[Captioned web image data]
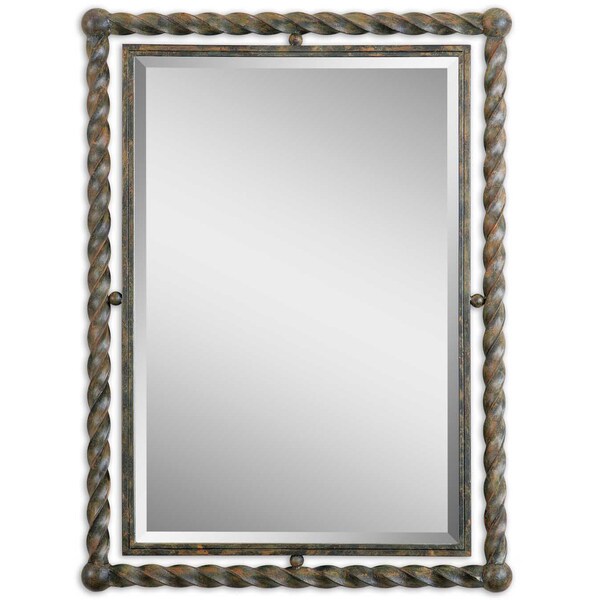 framed beveled mirror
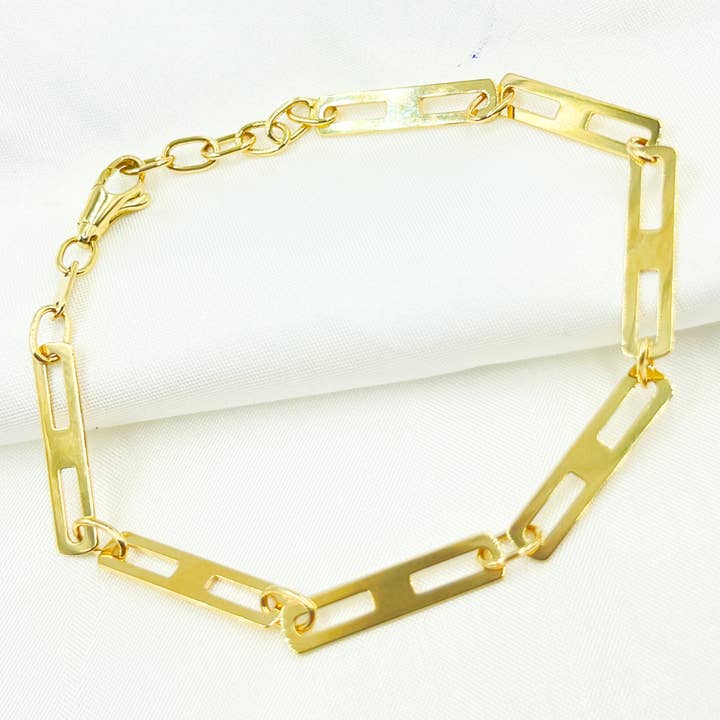501296G Armband. 14k Massief Geelgouden Spiegel Platte Rechthoekige Schakelarmband voor wholesale door Jewels & Chains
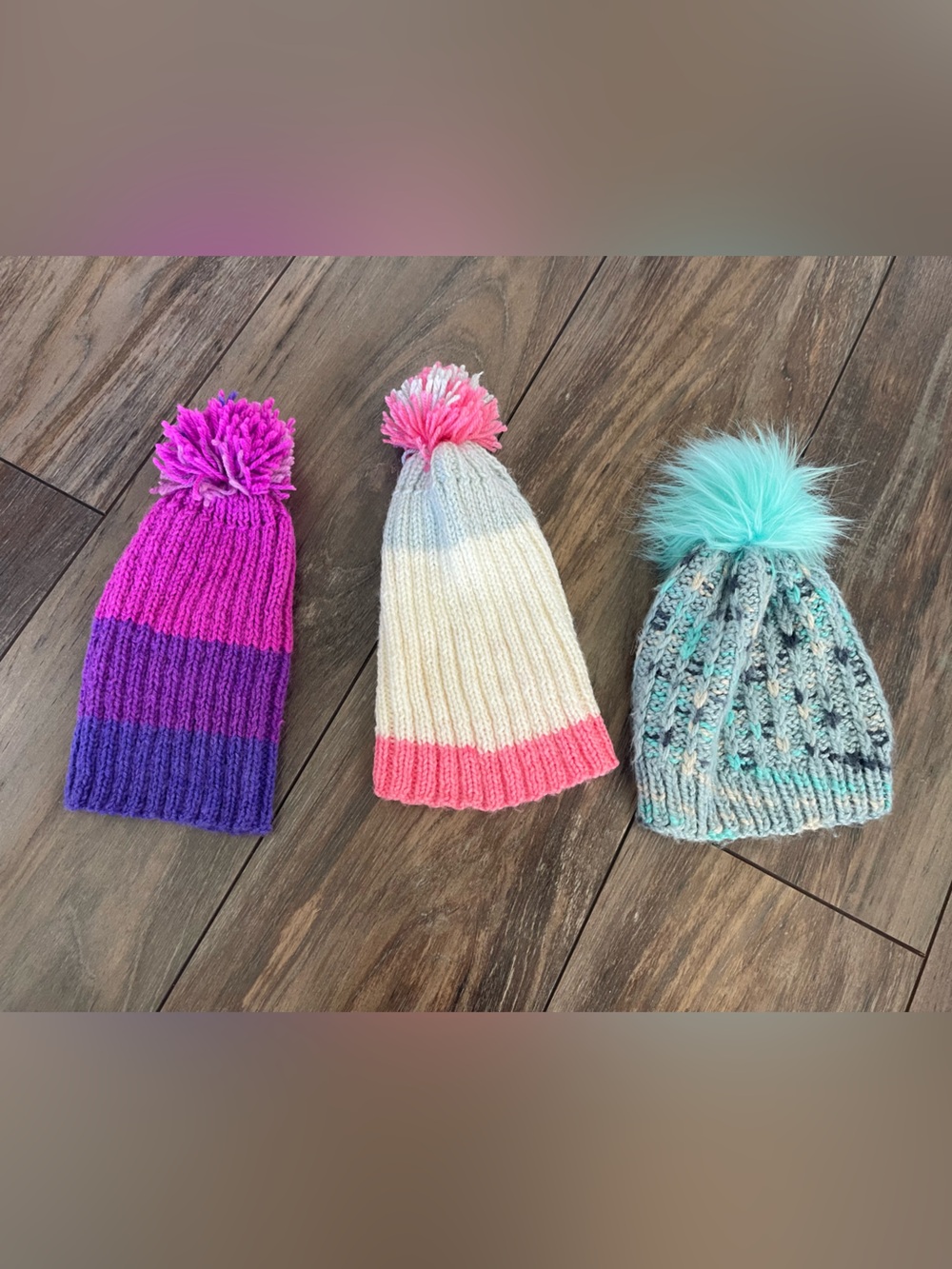 Handmade Knitted Pom-Pom Beanies - Set of 3 pink blue and purple NEW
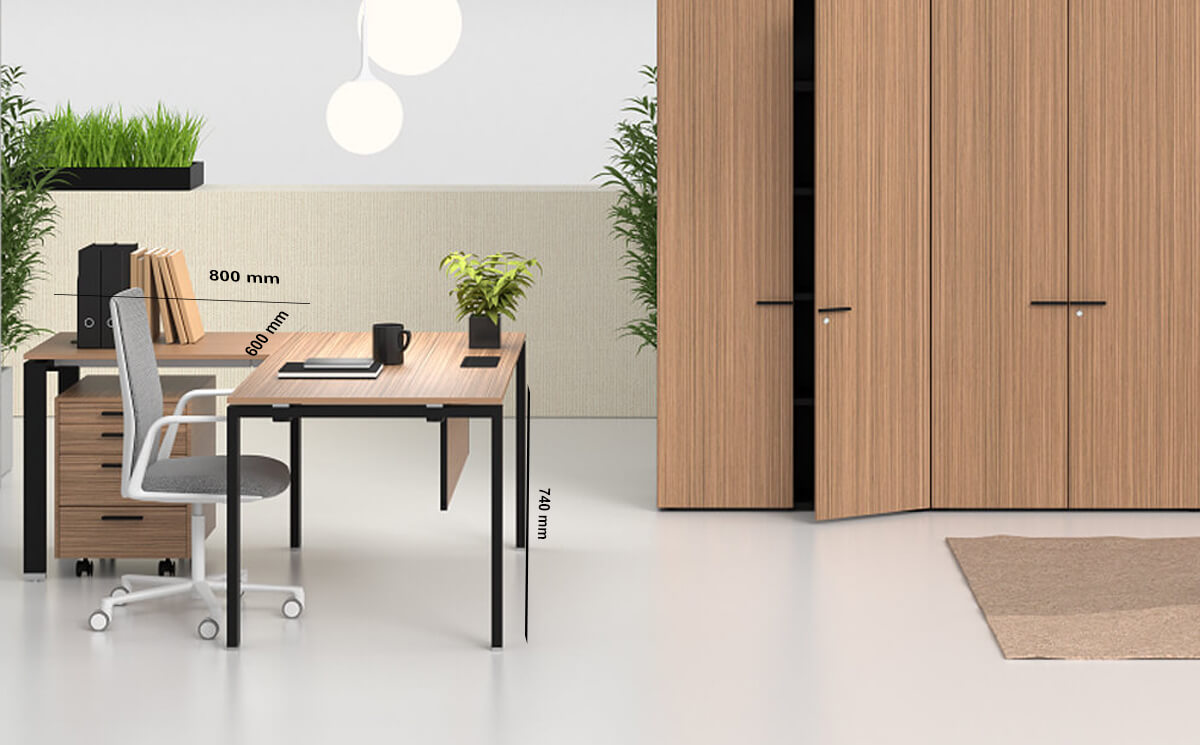 Size Return Lorenzo – Veneer Top Executive Desk With Goalpost U Legs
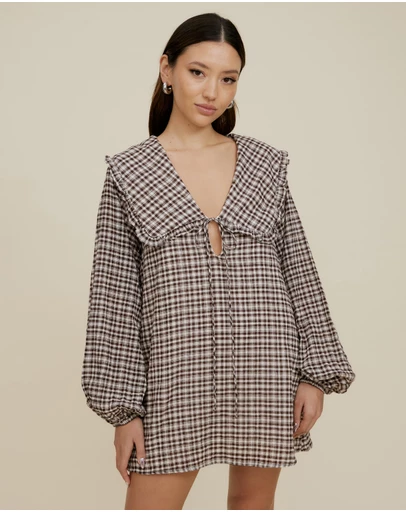The Fated - Montant Check Mini Dress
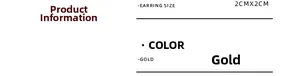 Spécifications détaillées de taille pour boucles d'oreilles en acier doré 18K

Task instructions: Repeat the preceding records precisely, and leave every picture out of the copy.

Answer box:
 framed beveled mirror
501296G Armband. 14k Massief Geelgouden Spiegel Platte Rechthoekige Schakelarmband voor wholesale door Jewels & Chains
 Handmade Knitted Pom-Pom Beanies - Set of 3 pink blue and purple NEW
 Size Return Lorenzo – Veneer Top Executive Desk With Goalpost U Legs
The Fated - Montant Check Mini Dress
 Spécifications détaillées de taille pour boucles d'oreilles en acier doré 18K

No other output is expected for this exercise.